• Your assignment: Reproduce word for word, from the entries below, the line with "Pajamas Women Ice", the line with "Women S Sexy", and every line between them, and nothing more.

• Records for processing:
——

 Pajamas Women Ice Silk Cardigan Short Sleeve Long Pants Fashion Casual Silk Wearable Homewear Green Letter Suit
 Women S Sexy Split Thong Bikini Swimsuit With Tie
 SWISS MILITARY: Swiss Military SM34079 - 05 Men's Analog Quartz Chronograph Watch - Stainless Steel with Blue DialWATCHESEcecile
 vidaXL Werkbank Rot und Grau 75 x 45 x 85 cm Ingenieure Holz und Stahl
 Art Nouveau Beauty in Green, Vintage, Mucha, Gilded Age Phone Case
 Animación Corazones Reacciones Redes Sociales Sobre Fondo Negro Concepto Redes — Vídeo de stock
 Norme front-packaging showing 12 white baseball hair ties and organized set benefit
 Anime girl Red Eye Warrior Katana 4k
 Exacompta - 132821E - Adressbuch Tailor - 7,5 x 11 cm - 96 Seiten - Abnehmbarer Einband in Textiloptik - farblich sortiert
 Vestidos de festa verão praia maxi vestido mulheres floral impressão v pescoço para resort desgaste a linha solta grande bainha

——

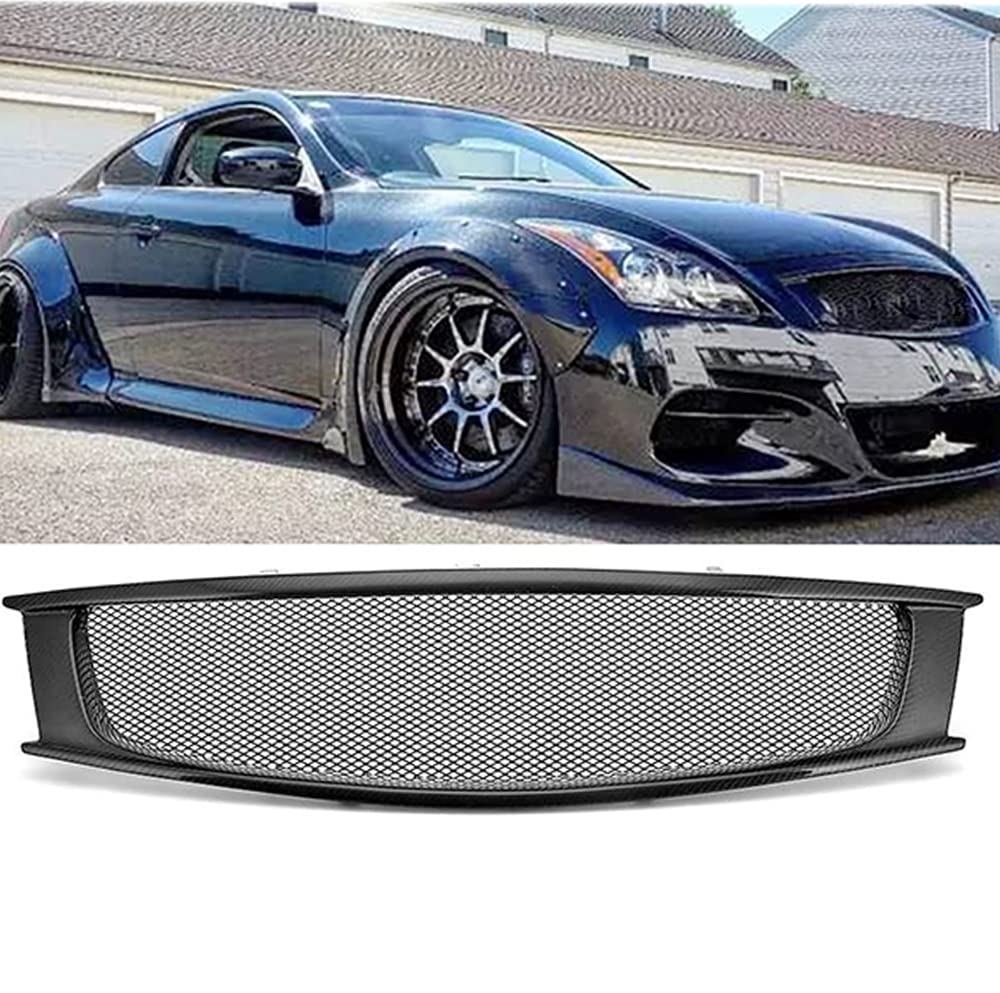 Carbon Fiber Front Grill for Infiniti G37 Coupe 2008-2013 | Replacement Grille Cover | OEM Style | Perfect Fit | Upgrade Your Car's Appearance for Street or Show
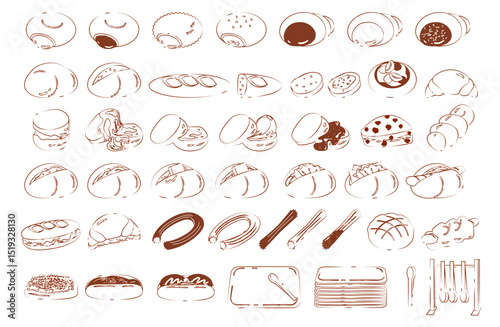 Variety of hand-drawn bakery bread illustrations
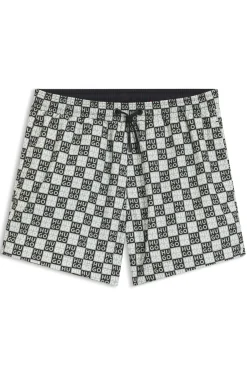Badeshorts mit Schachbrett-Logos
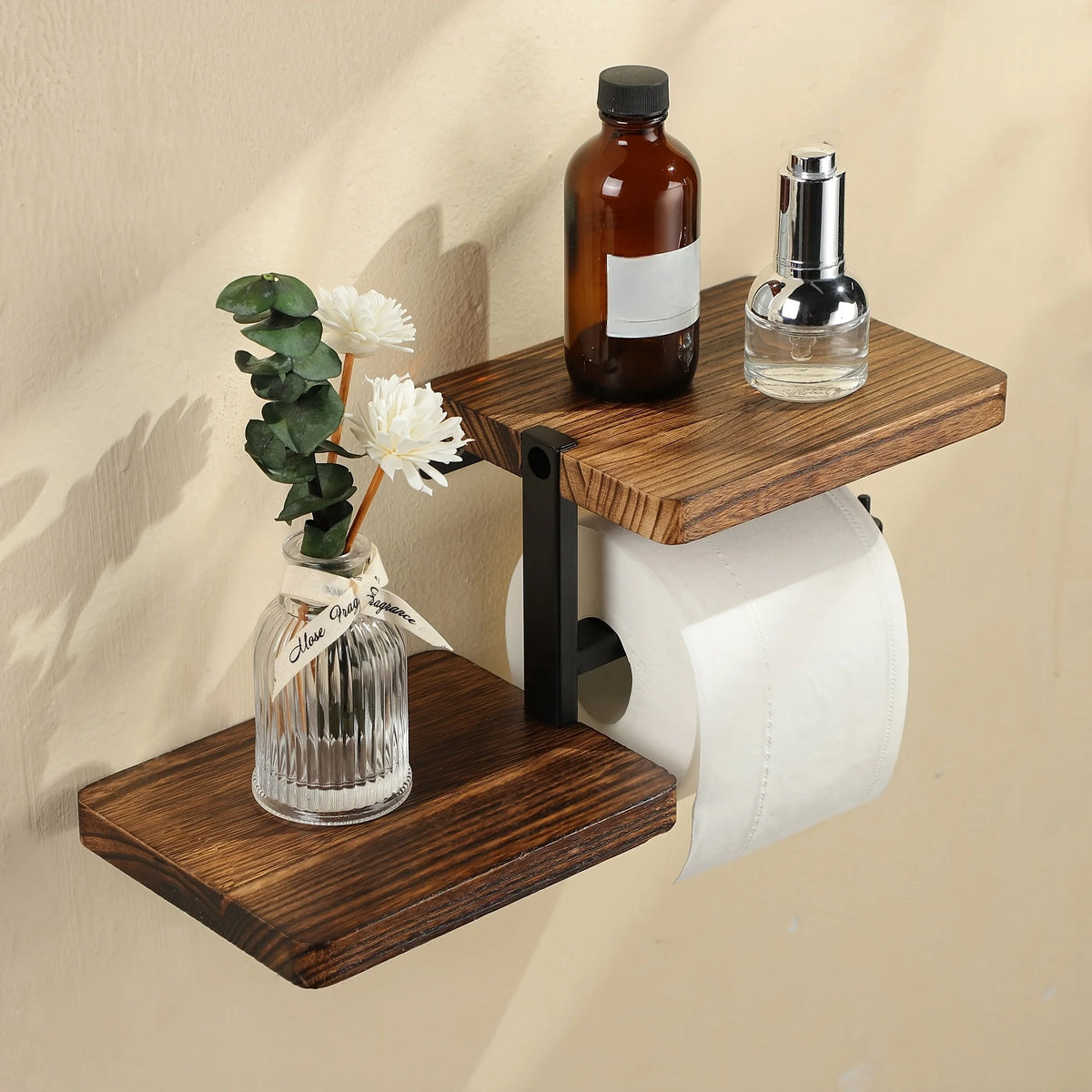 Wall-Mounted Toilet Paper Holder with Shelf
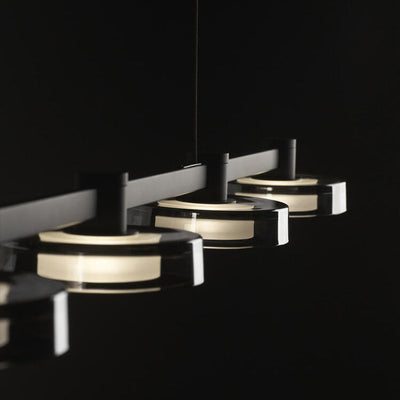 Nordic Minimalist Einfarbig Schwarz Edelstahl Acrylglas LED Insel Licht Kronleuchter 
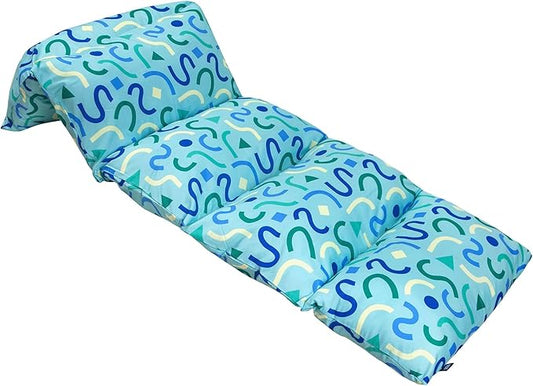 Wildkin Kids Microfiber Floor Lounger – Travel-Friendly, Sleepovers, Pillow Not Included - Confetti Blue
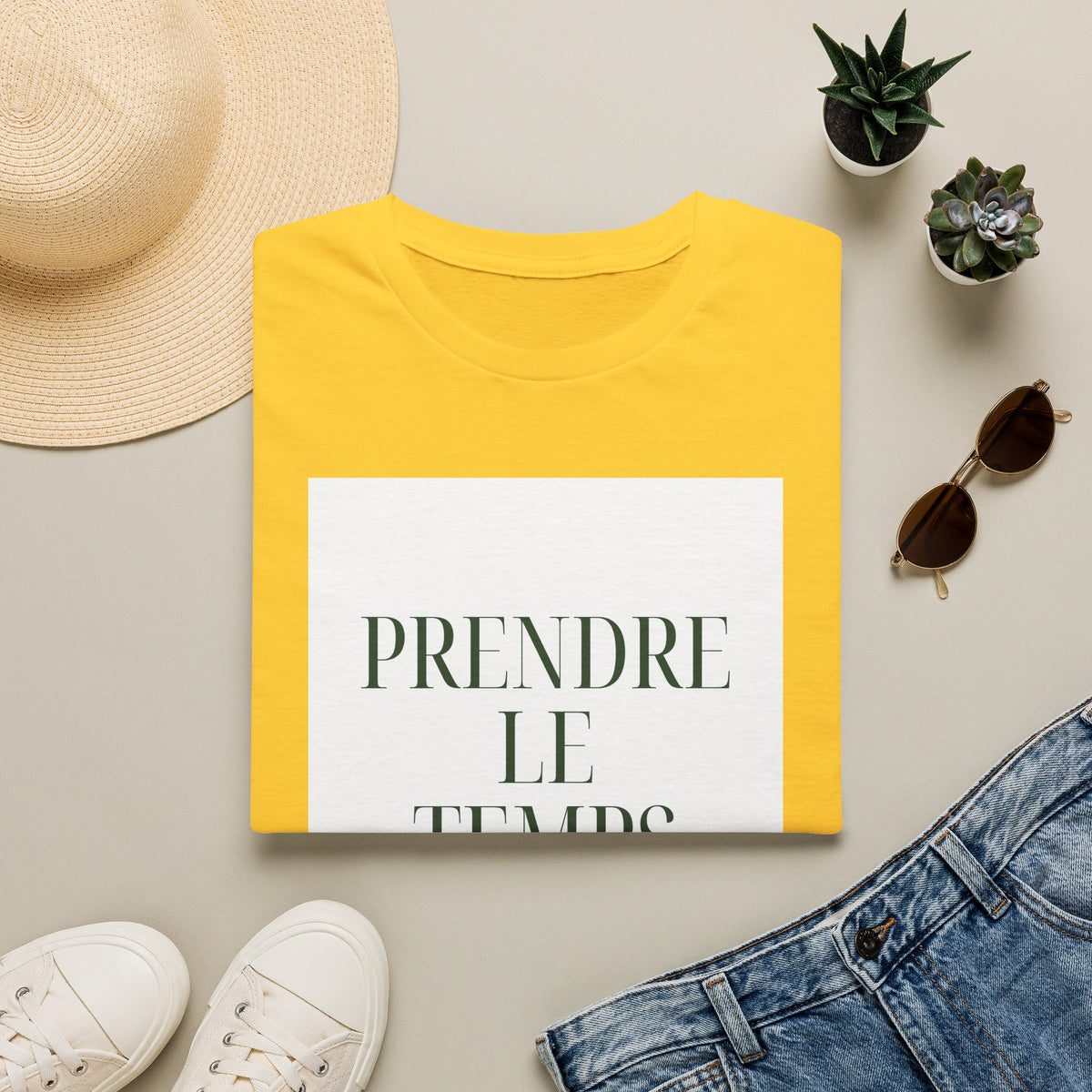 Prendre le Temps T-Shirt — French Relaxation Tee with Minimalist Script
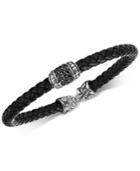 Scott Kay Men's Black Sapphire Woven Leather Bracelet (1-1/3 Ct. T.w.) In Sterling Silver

——

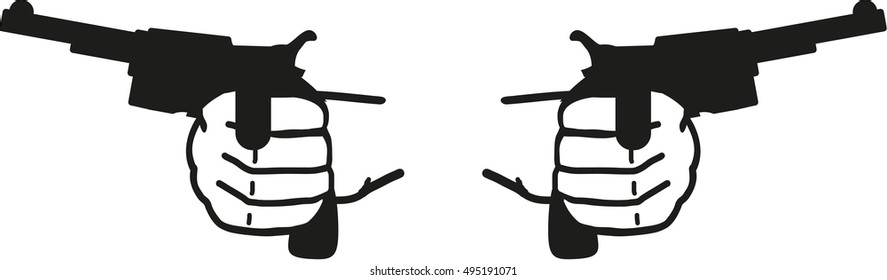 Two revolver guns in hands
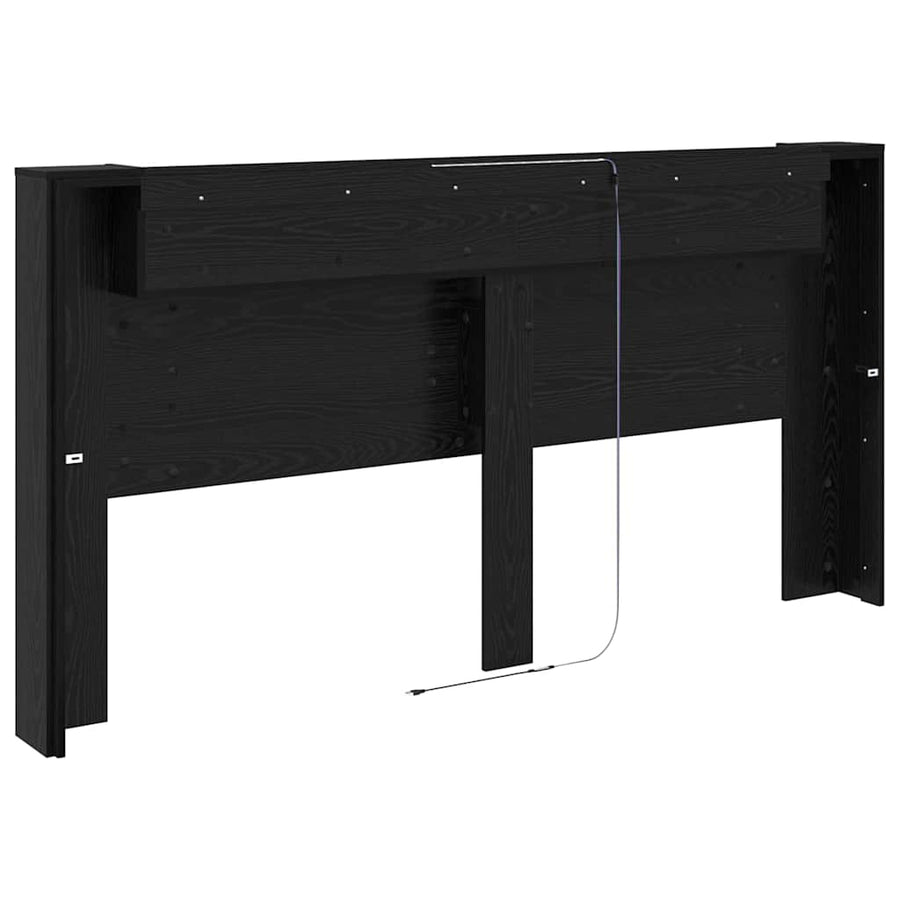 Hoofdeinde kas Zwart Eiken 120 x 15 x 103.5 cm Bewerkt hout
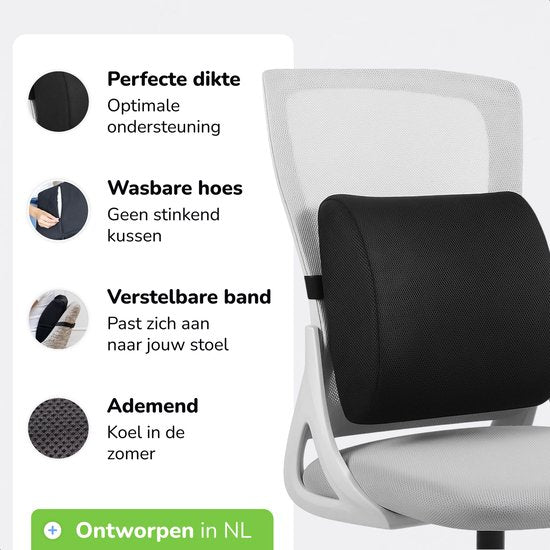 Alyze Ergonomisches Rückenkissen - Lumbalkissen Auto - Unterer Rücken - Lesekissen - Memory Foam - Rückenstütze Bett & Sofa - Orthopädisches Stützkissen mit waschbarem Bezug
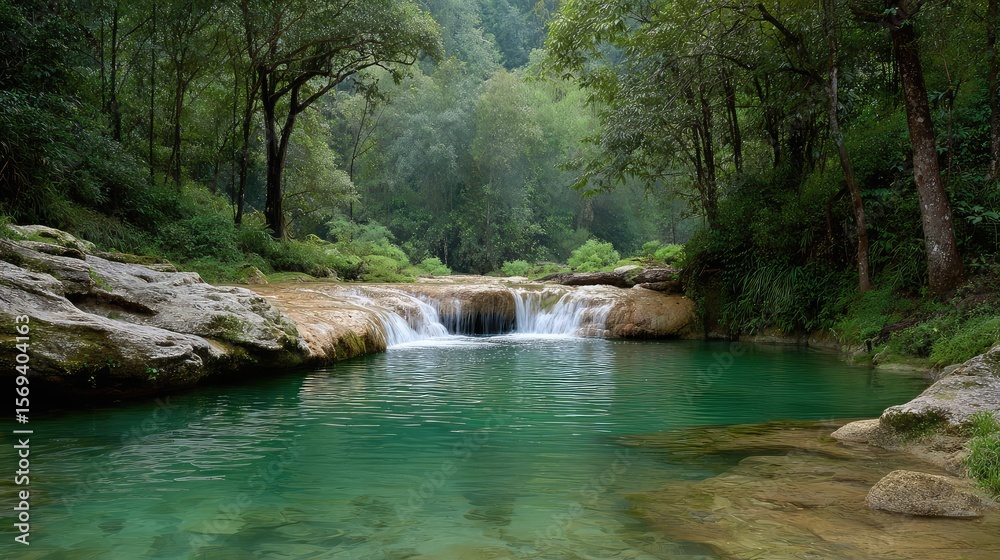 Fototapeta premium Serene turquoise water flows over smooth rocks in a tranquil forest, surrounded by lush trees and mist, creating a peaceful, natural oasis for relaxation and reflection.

——

• Response to this exercise:
 Pajamas Women Ice Silk Cardigan Short Sleeve Long Pants Fashion Casual Silk Wearable Homewear Green Letter Suit
 Women S Sexy Split Thong Bikini Swimsuit With Tie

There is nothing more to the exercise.